(Your instructions): This task asks for the lines from the one with "Solaray Ervas verdadeiras" to the final line below, repeated exactly, with pictures omitted.

(Provided material):
::::::
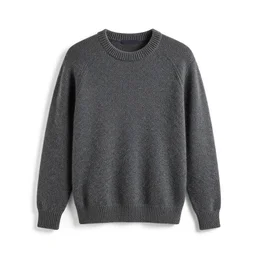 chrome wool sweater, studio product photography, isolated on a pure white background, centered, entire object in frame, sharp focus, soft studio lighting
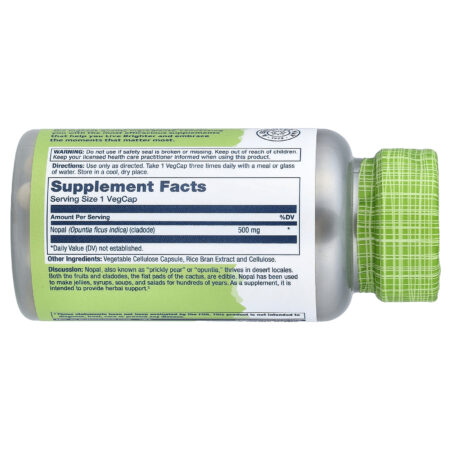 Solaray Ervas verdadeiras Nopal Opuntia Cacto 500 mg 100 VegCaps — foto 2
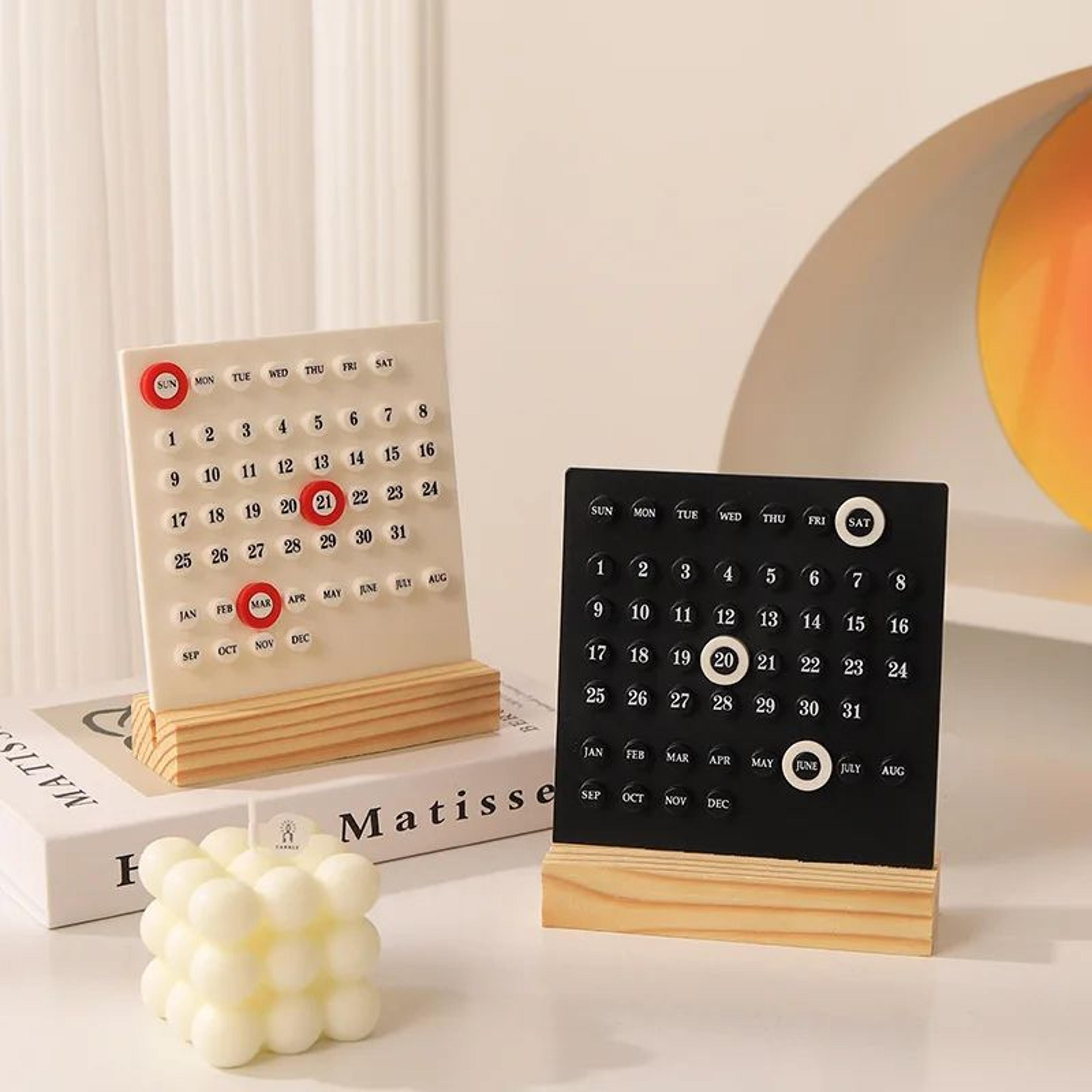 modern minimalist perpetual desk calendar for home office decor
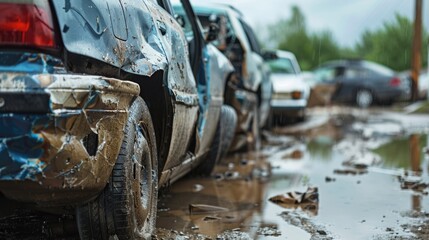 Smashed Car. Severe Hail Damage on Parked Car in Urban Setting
::::::
(Answer section):
 Solaray Ervas verdadeiras Nopal Opuntia Cacto 500 mg 100 VegCaps — foto 2
 modern minimalist perpetual desk calendar for home office decor
 Smashed Car. Severe Hail Damage on Parked Car in Urban Setting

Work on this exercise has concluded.